As part of the previously announced strategic review process undertaken by Artemis to identify value-enhancing strategic alternatives for the Fund, the proposed Fund Conversion transaction was identified as an opportunity to provide Unitholders with the ability to participate in historic rates of appreciation of residential real estate. In connection with the Fund Conversion, Unitholders will be asked to approve certain amendments to the Fund’s declaration of trust, including amending the Fund’s investment strategy, objectives, and restrictions for the limited purpose of permitting the Fund to, and only to the extent required to permit the Fund to, exclusively invest in a portfolio of resale residential real estate properties in Canada through co-ownership agreements with homebuyers and reducing the management expense ratio (which includes the management fee) to a cap of 2.5% and to remove the annual and monthly redemption rights of Unitholders. After giving effect to the Fund Conversion, the Fund will no longer be an investment fund, and will operate as a non-investment fund reporting issuer.
Notice of the Redemption Offer and the timing of the Special Meeting will be provided to Unitholders next week in accordance with the Fund’s declaration of trust.
For further information, please contact your financial advisor or Kingsdale Advisors at 1-800-395-7251 (toll-free in North America) or 416-623-2513 (collect outside North America) or by email at [email protected], or Artemis Investment Management’s investor relations line at (416) 934-7455 or visit our website at www.artemisfunds.ca.

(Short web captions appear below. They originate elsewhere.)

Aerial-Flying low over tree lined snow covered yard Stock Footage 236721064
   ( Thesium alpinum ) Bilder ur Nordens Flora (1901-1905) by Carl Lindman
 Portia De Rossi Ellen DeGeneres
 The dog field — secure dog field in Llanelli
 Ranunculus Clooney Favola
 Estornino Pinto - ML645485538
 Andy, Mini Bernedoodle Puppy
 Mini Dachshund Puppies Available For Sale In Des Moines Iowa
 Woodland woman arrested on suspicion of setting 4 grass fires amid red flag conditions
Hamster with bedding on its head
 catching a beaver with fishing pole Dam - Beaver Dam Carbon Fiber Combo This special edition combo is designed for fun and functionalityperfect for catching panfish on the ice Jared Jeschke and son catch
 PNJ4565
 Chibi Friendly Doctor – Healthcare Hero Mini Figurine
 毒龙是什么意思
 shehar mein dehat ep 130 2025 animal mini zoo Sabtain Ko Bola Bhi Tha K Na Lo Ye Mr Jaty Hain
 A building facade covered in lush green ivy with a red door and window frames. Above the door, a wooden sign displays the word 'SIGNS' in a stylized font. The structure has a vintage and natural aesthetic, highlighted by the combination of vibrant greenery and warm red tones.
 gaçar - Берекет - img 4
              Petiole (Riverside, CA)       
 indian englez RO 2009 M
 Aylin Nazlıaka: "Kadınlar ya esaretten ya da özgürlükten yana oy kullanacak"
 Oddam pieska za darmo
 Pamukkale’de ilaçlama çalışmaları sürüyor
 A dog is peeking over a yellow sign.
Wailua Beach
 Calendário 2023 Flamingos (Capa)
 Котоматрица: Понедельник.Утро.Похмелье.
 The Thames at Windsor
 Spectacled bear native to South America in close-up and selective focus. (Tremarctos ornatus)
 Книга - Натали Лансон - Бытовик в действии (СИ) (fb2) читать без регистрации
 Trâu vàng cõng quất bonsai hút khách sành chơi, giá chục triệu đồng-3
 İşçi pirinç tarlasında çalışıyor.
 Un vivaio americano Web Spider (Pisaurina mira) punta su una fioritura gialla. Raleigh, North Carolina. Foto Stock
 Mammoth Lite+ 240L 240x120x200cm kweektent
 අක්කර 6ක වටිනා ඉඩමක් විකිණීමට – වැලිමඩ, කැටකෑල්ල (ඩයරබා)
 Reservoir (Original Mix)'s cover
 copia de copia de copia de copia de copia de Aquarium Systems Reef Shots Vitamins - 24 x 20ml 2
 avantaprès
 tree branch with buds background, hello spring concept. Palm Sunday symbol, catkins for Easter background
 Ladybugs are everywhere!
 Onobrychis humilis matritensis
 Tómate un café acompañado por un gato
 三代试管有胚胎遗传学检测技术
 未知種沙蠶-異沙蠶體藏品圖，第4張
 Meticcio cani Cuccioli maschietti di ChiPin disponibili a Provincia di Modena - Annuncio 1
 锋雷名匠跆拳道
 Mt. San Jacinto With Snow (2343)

Certain statements in this press release are “forward-looking” within the meaning of applicable Canadian securities laws, including but not limited to statements about the redemption offer and matters relating thereto. Forward‐looking statements are generally, but not always, identified by the words “expects”, “plans”, “anticipates”, “in the event”, “if”, “believes”, “asserts”, “position”, “intends”, “envisages”, “assumes”, “recommends”, “estimates”, “approximate”, “projects”, “potential”, “indicate” and similar expressions, or that events or conditions “will”, “would”, “may”, “could” or “should” occur. In this news release, forward-looking statements relate to, among other things, statements regarding: the timing for the Special Meeting, shareholder and regulatory approvals with respect to the Redemption Offer, the ability of the Fund to complete the Fund Conversion and the timing of any required approvals and consents with respect thereto. Forward‐looking statements are necessarily based upon the current belief, opinions and expectations of the Fund that, while considered reasonable by the Fund, are inherently subject to significant risks and uncertainties that could cause the outcome to differ materially from current expectations. Such risks and uncertainties include, among others, litigation, regulatory, business, economic, competitive, political and social uncertainties and other contingencies. Many factors could cause the Fund’s actual results to differ materially from those expressed or implied in the forward‐looking statements. These factors include, among others, uncertainties related to the Redemption Offer, the Special Meeting, and the Fund Conversion, as well as other risk factors set out under the heading “Risk” in the Fund’s Annual Report for the year ended December 31, 2022, which is available on SEDAR+ at www.sedarplus.ca. There can be no assurance that such statements will prove to be accurate, as actual results and future events could differ materially from those anticipated in such statements. Investors are cautioned not to put undue reliance on forward‐looking statements due to the inherent uncertainty therein. Except as required by law, the Fund assumes no obligation to update the forward-looking statements of beliefs, opinions, projections, or other factors, should they change.